The latest proposed update to the EARL recommendations accommodates modern PET technologies, in particular time-of-flight and point spread function (PSF) [6]. Our study compares datasets that are compatible with both current and the proposed update to the EARL recommendations. The introduction of time-of-flight and PSF have shown to have minimal effect on the liver and mediastinal uptake [10], but new hardware and reconstruction algorithms provide higher SUV in small lesions [4], and therefore affect DS classification. Our findings show that if the proposed update to the EARL recommendations is accepted, it will have an impact on DS and therapy response evaluation. The studies behind the recommendations on DS and treatment evaluation are performed on older generations of PET-CT scanners, and it is not known whether the DS obtained from new state-of-the-art PET-CT scanners will have an impact on patient outcome in large cohorts.
Investigation of whether the choice of reconstruction method affects DS has recently been performed by Enilorac et al. [13], comparing one dataset with unfiltered PSF (Siemens HD) and one where a 6-mm Gaussian filter was applied to PSF images to match the EARL requirements. The proportion of major discordances was comparable to our findings for SUVmax but our conclusions differ. In their study of 126 patients, no difference in progression-free survival and overall survival was seen depending on the reconstruction method, when patients were classified as responders or non-responders. However, they analysed i-PET and EoT-PET separately, yielding small groups with only a few patients classified differently depending on the reconstruction method.
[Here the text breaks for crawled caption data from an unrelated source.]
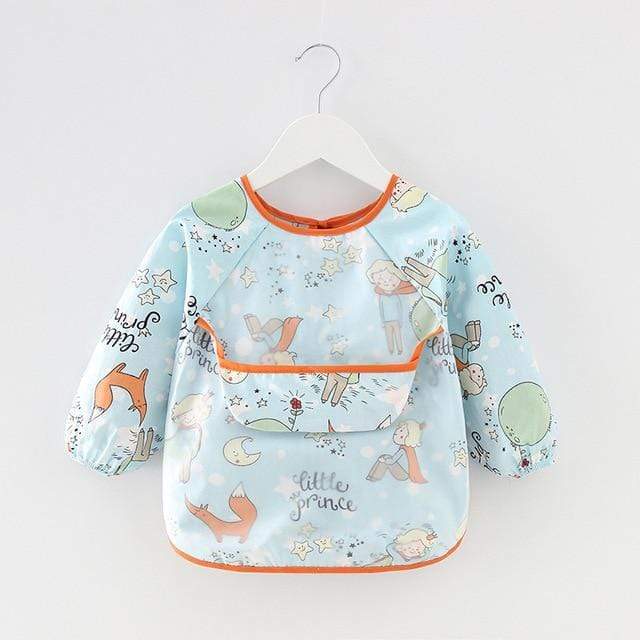 Accessories 0-2 year old / Blue prince Baby Bib  Long Sleeve Waterproof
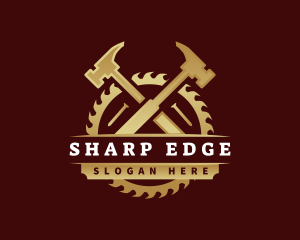 Hammer Saw Carpentry logo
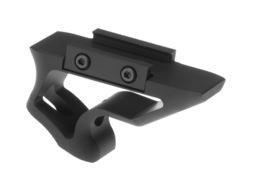 CNC PICATINNY SHORT ANGLED GRIP BLACK (METAL)
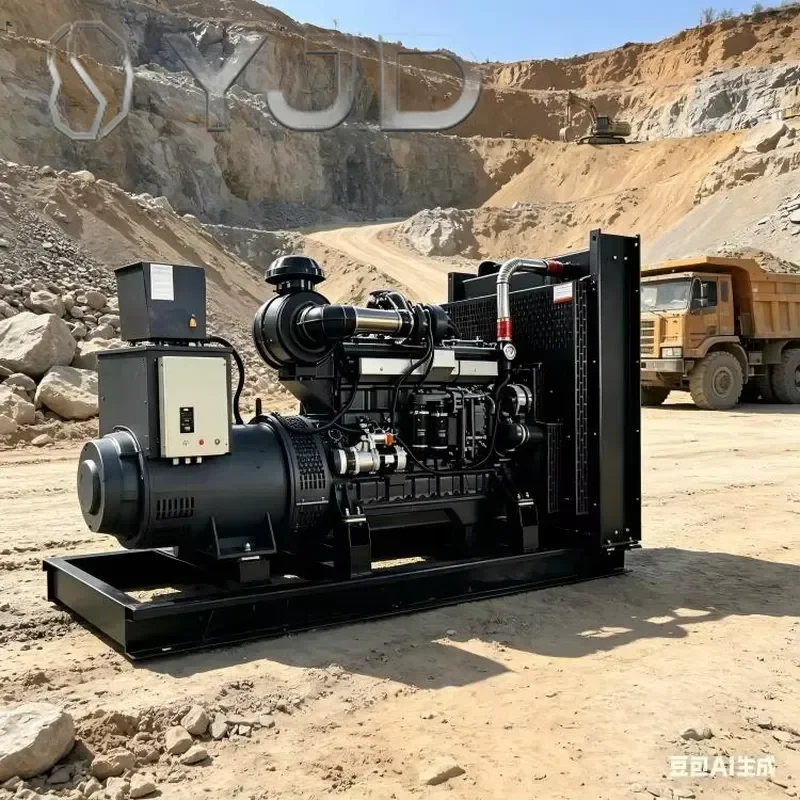 YJD Yuchai Diesel Generator 2.8kW-50kW Auto Start Open Frame ATS 60/50Hz 1800 RPM Super Silent Type 415V Water Cooled Genset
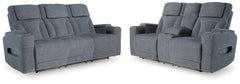 Forest Lake Power Reclining Sofa and Loveseat
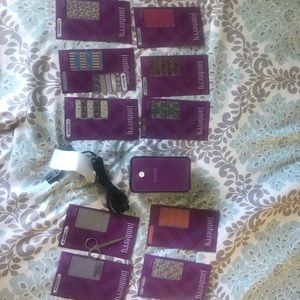 Jamberry heater and multiple sheets of nail wraps!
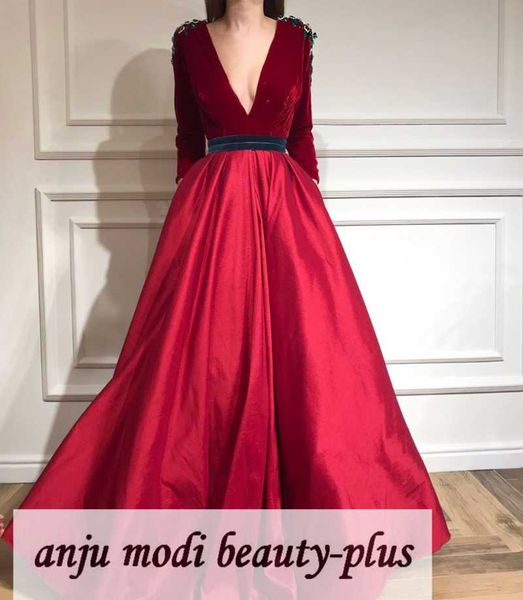party dresses burgundy long sleeve satin velvet evening 2021 a line deep v neck formal gowns with sleeves, White;black
party dresses burgundy long sleeve satin velvet evening 2021 a line deep v neck formal gowns with sleeves, White;black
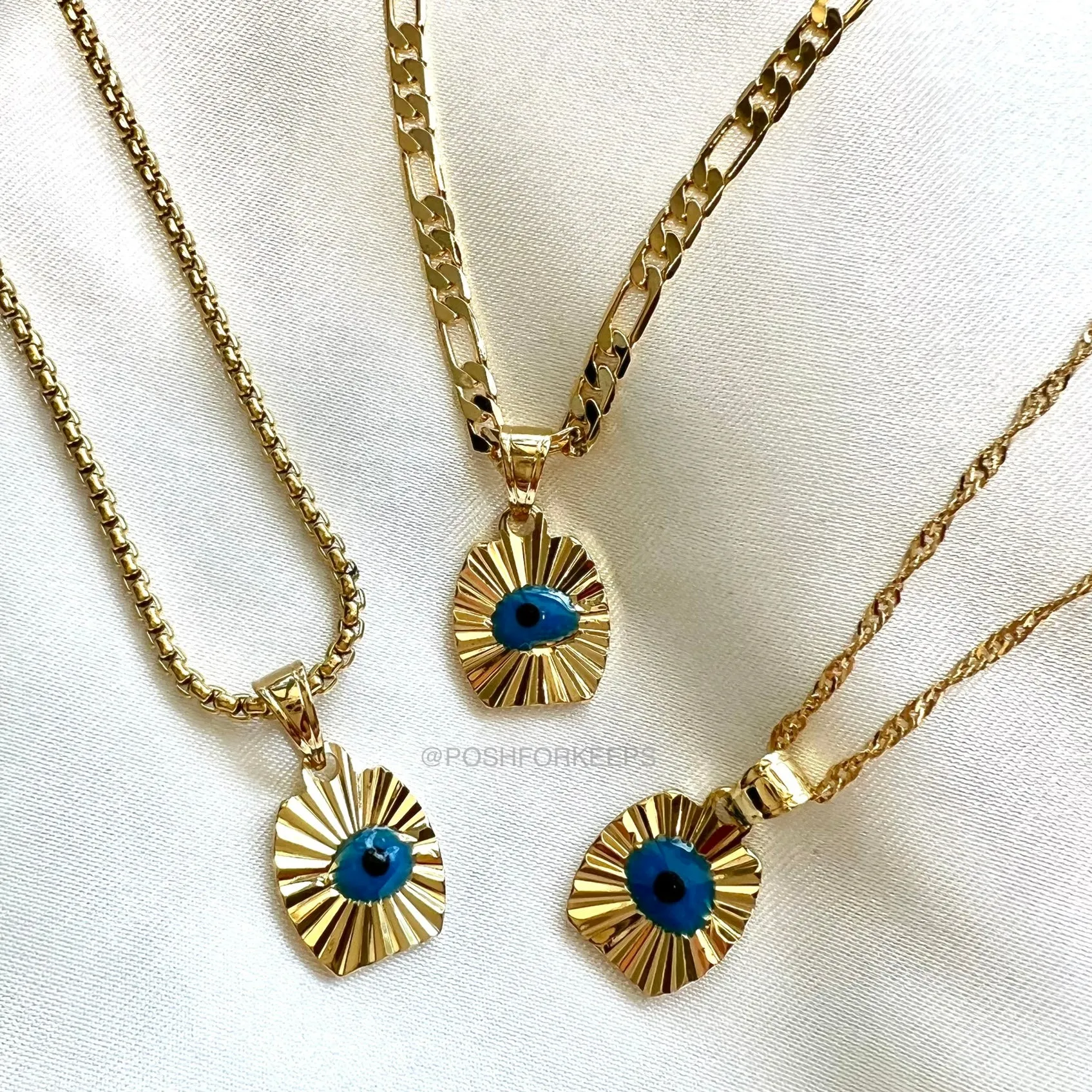 18K GOLD EVIL EYE NECKLACE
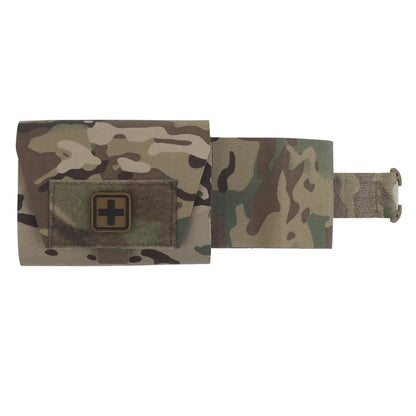 Compact Camo MOLLE First Aid Kit Quick Detach Pull Handle Lightweight Emergency Medical Pouch for Outdoor Survival Essentials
There are different aspects on DS that should be considered, such as how SUV in reference organs are measured, the cut-off for DS 5 and how to handle patients with a higher SUV in the mediastinum compared with liver. In our study, we used automatic segmentation of liver and mediastinum [6]. The edges around the liver and aortic wall were automatically truncated to avoid uptake from adjacent structures and the vessel wall. Segmentations were manually corrected when needed. This method increases the likelihood of obtaining the true SUVmax. When manual ROIs are placed in reference organs, there is an apparent risk of missing the true SUVmax. In a couple of the patients, we found the mediastinal SUVmax to be higher than the liver SUVmax. This was confirmed with manual ROI measurements (data not shown). There is no support in the literature or guidelines on how these cases should be managed in terms of DS classification. However, in our study, no patient had lesion uptake that was between uptake in the mediastinum and in the liver. There is no consensus where the cut-off point should be for DS 5, and both a limit of two or three times the maximum uptake in the liver has been proposed [4]. We classified DS 5 as two times the maximum uptake in the liver. There were few major discordances in DS (i.e. when a non-responder (QC) is reclassified as responder (EARLlower/EARLupper)) between reconstruction methods, which has clinical significance in terms of treatment strategy. If a worst-case scenario is preferred, then using settings that adhere to the newly proposed EARL recommendation is more suitable.
We included baseline exams in order to increase the study population, although DS is normally not calculated in baseline examinations. In theory, a follow-up scan could look like a baseline scan. In the retrospective analysis, baseline exams did not show any major discordances: for SUVmax, there were 2 discordances, and for SUVpeak, there were also 2 discordances. If all baseline scans were removed from the study, the results would show an even higher percentage of discordances across all pairwise comparisons between reconstruction algorithms.
No solid recommendation of how to obtain DS exists, although SUVmax appears to be the most commonly used method. In this study, we investigated the use of both SUVmax and SUVpeak, as proposed both by Barrington et al. [4] and the newly proposed EARL recommendations [9]. SUVmax is more noise dependent [14]; therefore, SUVpeak is a more stable measure. This was also true in our study, where we did not find any significant differences in DS between QC and EARLupper. However, SUVpeak requires a lesion of more than 1 cm in order to be relevant. SUVmax, on the other hand, has been shown to be unreliable in sub-centimetre lesions when PSF is used [15]. There is no standard definition of SUVpeak calculation which may be seen in differing implementations of SUVpeak calculations in various software. A harmonization across vendors is desirable to further increase its reproducibility.
Limitations
In this study, we included all patients with lymphoma, regardless of the indication for the PET-CT examination. In clinical routine, DS is only used for therapy assessment and not for initial staging/baseline. However, in order to increase the number of patients and the range of included DS, also, patients referred for baseline PET-CT were included. Despite this, we recognize the limitation of the study due to its small sample size and its monocentric nature.
Although we have showed considerable differences in DS between the reconstruction algorithms, it remains to be proven which reconstruction algorithm has the most favourable outcome for the patients. The type of lymphoma and the intensity of stage-adapted chemotherapy adds further complexity to the outcome.
1It would be of interest to compare the upper and lower limits of the newly proposed EARL recommendations, but for our PET-CT system, longer acquisition times are necessary to reach the new upper limit, which was not feasible for the current study.